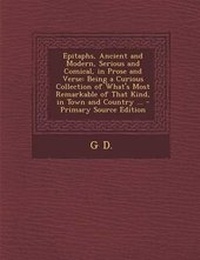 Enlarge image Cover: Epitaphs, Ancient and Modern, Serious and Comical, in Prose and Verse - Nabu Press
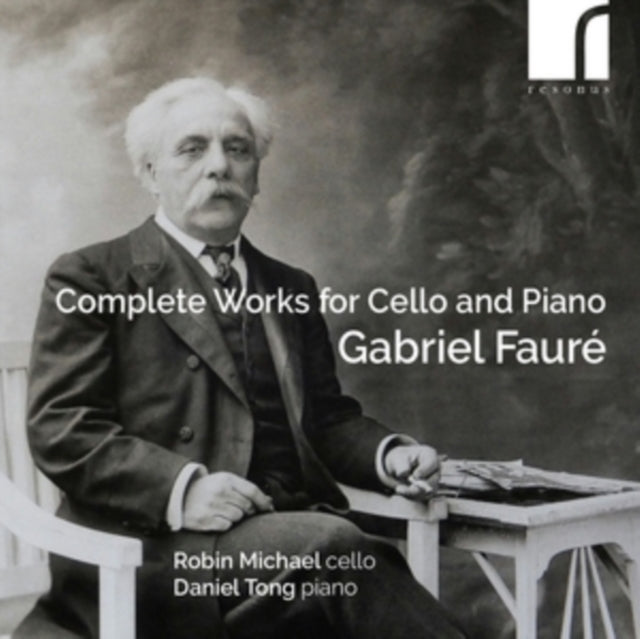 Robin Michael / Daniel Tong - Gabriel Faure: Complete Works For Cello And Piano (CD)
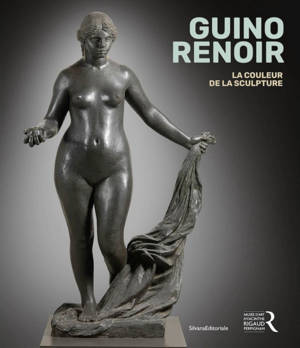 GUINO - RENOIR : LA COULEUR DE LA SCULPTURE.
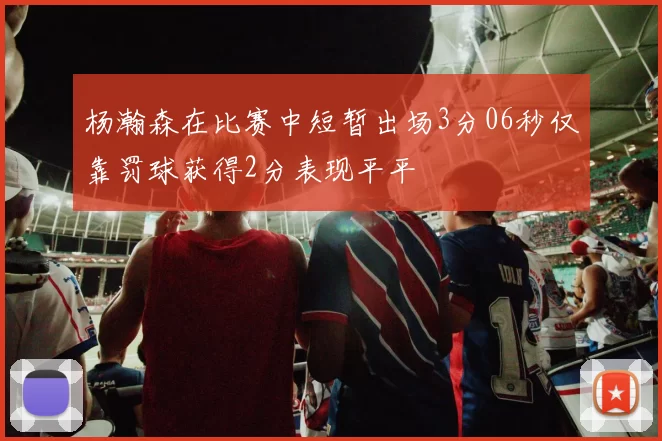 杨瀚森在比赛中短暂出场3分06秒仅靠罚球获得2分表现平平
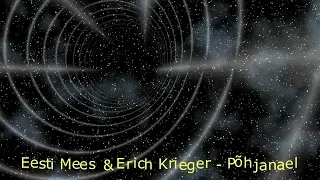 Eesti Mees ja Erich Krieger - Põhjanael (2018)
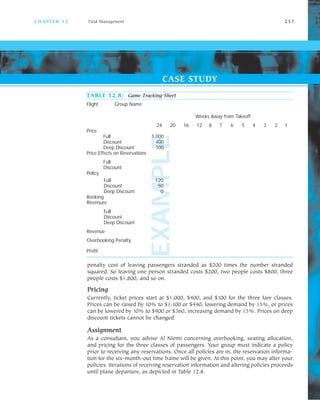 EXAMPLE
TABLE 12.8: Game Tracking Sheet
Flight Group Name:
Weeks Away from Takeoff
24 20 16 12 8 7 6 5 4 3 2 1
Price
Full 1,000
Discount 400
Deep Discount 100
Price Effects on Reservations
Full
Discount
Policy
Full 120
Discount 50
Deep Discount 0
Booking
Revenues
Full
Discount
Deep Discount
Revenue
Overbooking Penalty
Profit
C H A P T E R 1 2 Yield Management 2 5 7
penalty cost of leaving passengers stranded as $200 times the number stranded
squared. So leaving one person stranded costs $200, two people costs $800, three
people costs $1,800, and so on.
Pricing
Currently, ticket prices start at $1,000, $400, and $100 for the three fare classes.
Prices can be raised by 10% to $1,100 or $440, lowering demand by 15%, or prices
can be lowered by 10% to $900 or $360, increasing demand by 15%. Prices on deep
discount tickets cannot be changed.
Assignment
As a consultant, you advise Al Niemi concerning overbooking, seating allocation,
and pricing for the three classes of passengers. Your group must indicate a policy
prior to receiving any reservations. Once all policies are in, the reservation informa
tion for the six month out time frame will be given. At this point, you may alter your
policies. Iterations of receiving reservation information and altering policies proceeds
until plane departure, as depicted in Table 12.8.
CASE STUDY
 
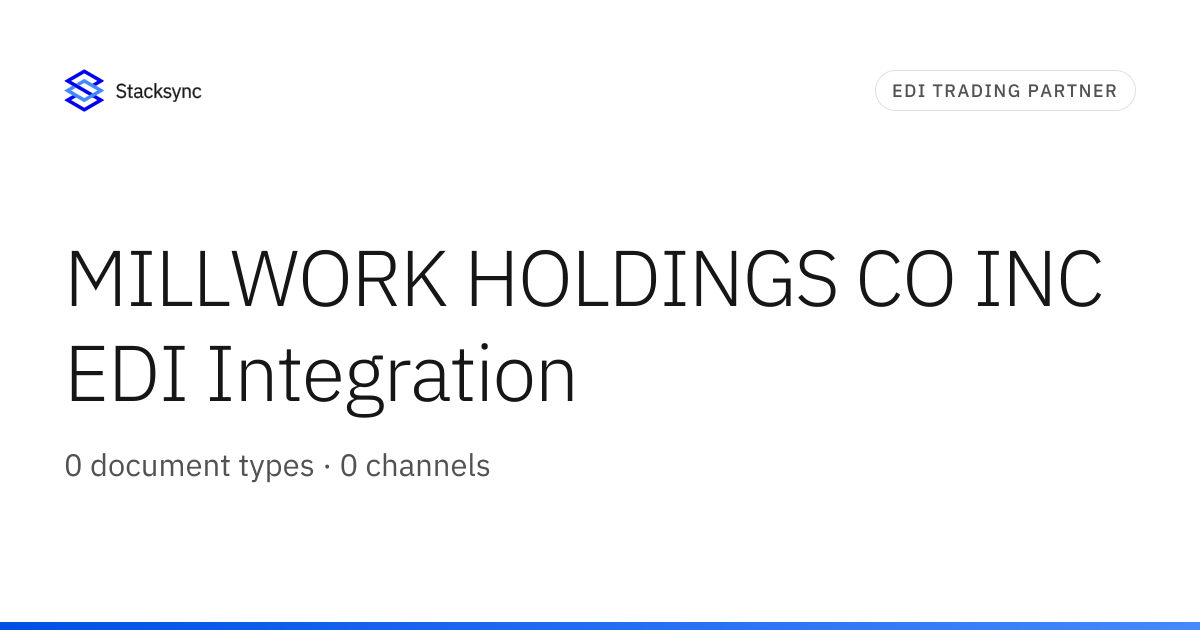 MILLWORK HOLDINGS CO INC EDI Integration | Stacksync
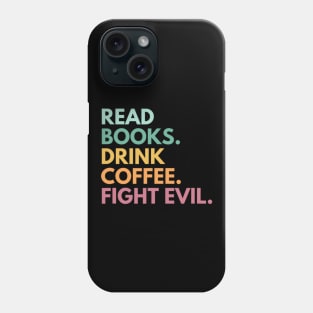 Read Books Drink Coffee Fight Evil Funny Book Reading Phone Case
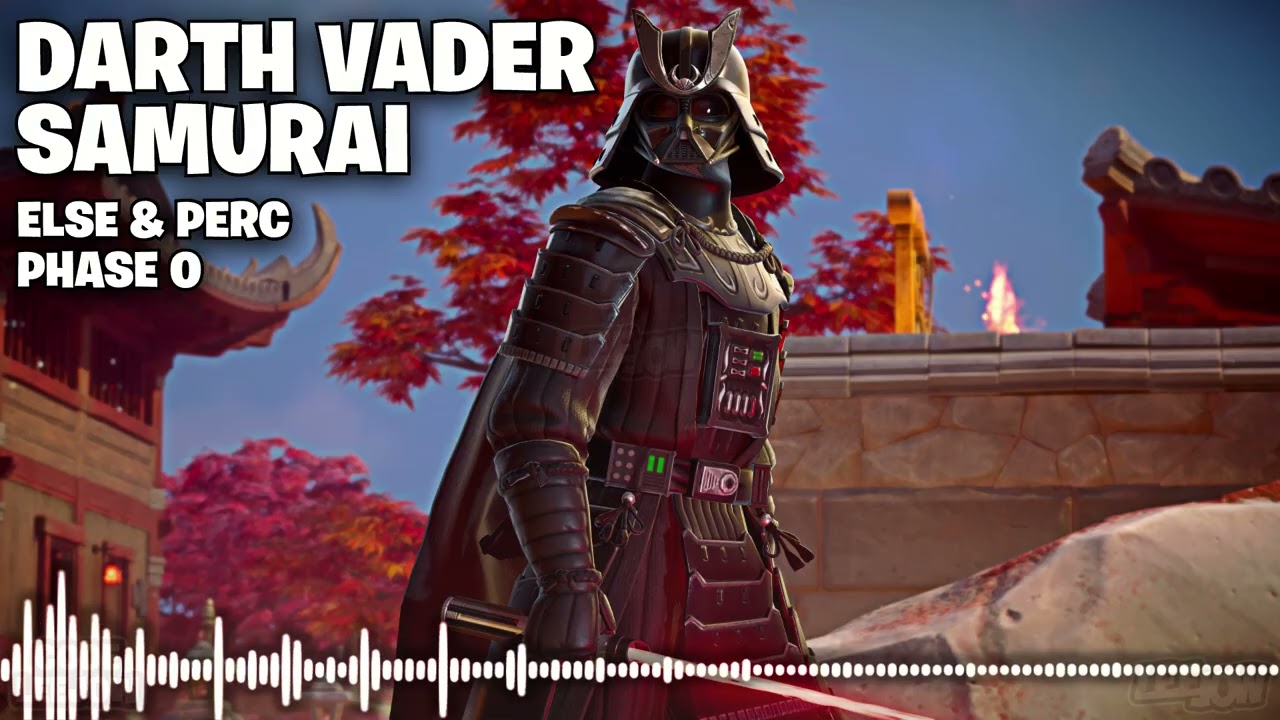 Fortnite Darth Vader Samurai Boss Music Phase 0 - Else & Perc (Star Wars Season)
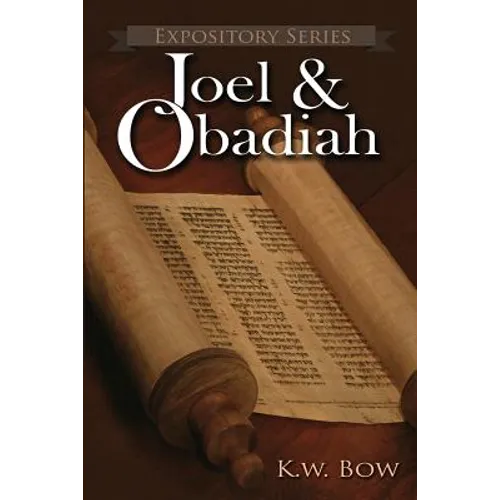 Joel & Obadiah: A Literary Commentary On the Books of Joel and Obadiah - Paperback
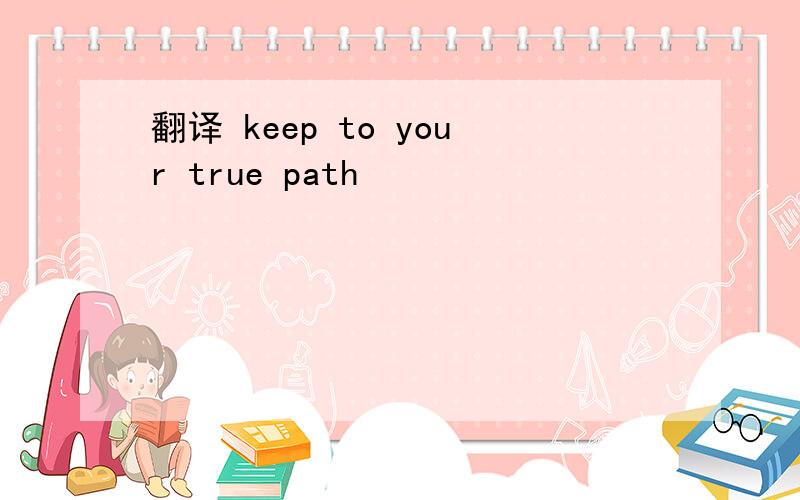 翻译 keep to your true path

#### TASK BRIEF
Scan the data above and copy every line with "people" in it.

#### ANSWER BELOW
squared. So leaving one person stranded costs $200, two people costs $800, three
people costs $1,800, and so on.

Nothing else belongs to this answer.